Importance ordering in linked networks with link weights via reachability
In multiply linked networks (like the world wide web), a common task is to give a measure of importance to the entries, and to compare the relative importance of the elements of a given subset of the network. The famous Google algorithm (in its simplest form) solves this problem by letting a 'random walker' perform a journey on the network, where each step follows a random link from the place where the walker currently is. If the links of the network have weights, these can also be used to determine the probabilities of the next step. A site x is then considered more important than a site y if the walker visits x more often than y in the limit where the journey has very many steps.
Based on the publication [Betz/Le Roux] (see below), a new method for importance ordering can be derived. If comparing the importance of two sites x and y, instead of measuring the frequency of visits to x and y, the idea is to measure the reachability of x from y, i.e. the probability that a random walker starting from x will visit y before it returns to x. If the reachability of y from x is higher than the reverse reachability (x from y), then y is considered more important. It is shown in the cited reference that in the limit of long run times, a quantitative version of the above idea gives the same importance ordering as the Google algorithm. However, while the Google algorithm necessarily computes the importance of all elements of the network at the same time, the reachability algorithm only computes the relative importance of a pair of elements. This also means that when we are only interested in that pair (or a relatively small subset of the network), the algorithm can run much faster and offer the user the flexibility to implement their own link weights. This opens the way to possible applications, and the corresponding set of ideas is the subject of U.S. Patent Appl. No. 15/641,536.
The aim of the project is to test the practical applicability of the method in various situations. Practical problems include the acceleration of the escape of the walk from undesirable regions of the network, applications to realistic systems, parallelization, testing real world scaling properties of the algorithm with the system size, and quality control.
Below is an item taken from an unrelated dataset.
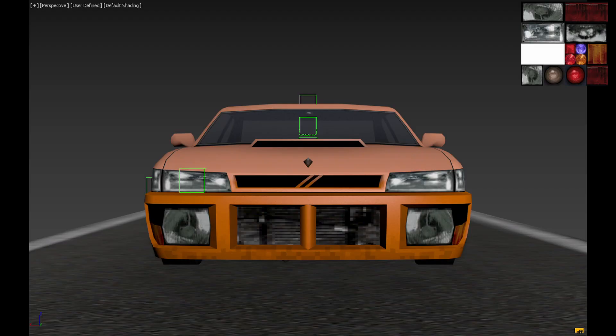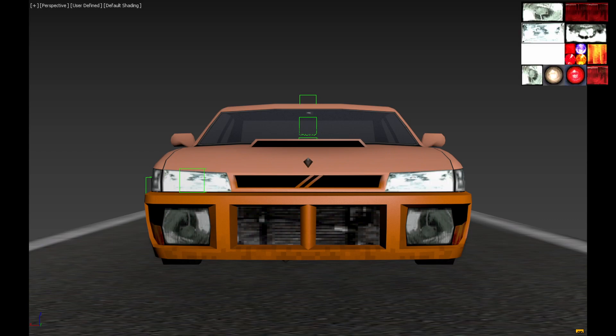Vehicle Lights 128 is the light's texture shown on vehicles with lights off. Vehicle Lights on 128 is the light's texture shown on vehicles with lights on.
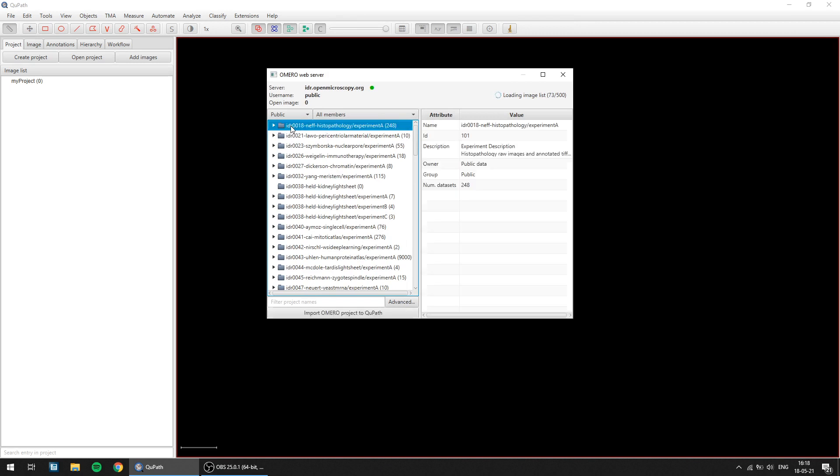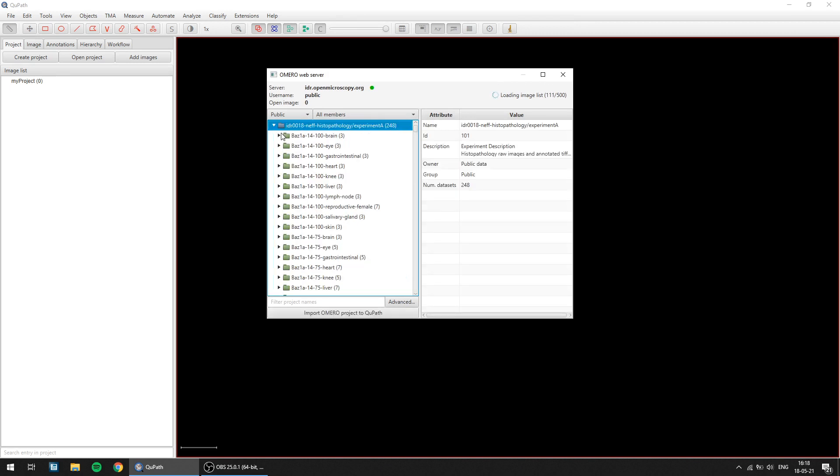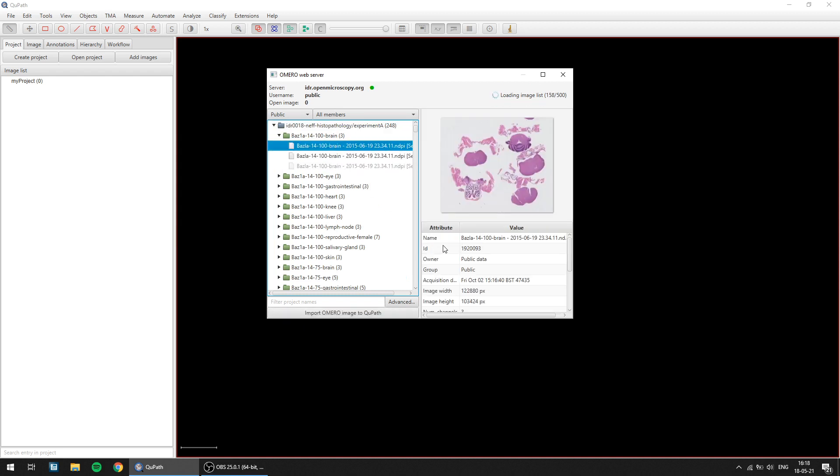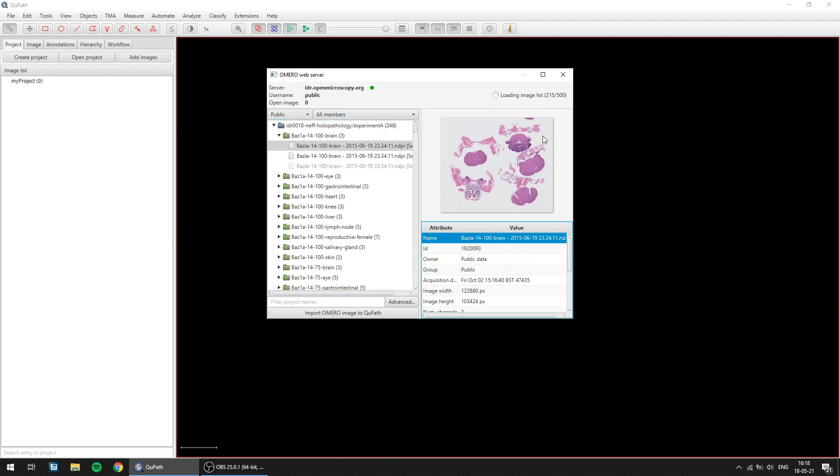So you can browse all the projects that you have, the datasets that you have, click on the different images that you have. Every time you'll get the information relating to the image selected on the right side, as well as the thumbnail here. You can filter project names, you can also filter them by groups or by owners.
The student will conduct numerical experiments, do systematic measurements of run time and result quality, and explore theoretical and practical ideas for improving the algorithm.
Pre-requisites or requirements for the project
good programming skill (preferably C),
good grasp of mathematics or theoretical cumputer science
Recommended literature and preparation
Betz/Le Roux in: Stochastic Processes and Their Applications, 3499-3526 (2017);
Langville/Meyer: Googles Page rank and Beyond, Princeton University Press (2006).
|Project available until||end of Dec 2020|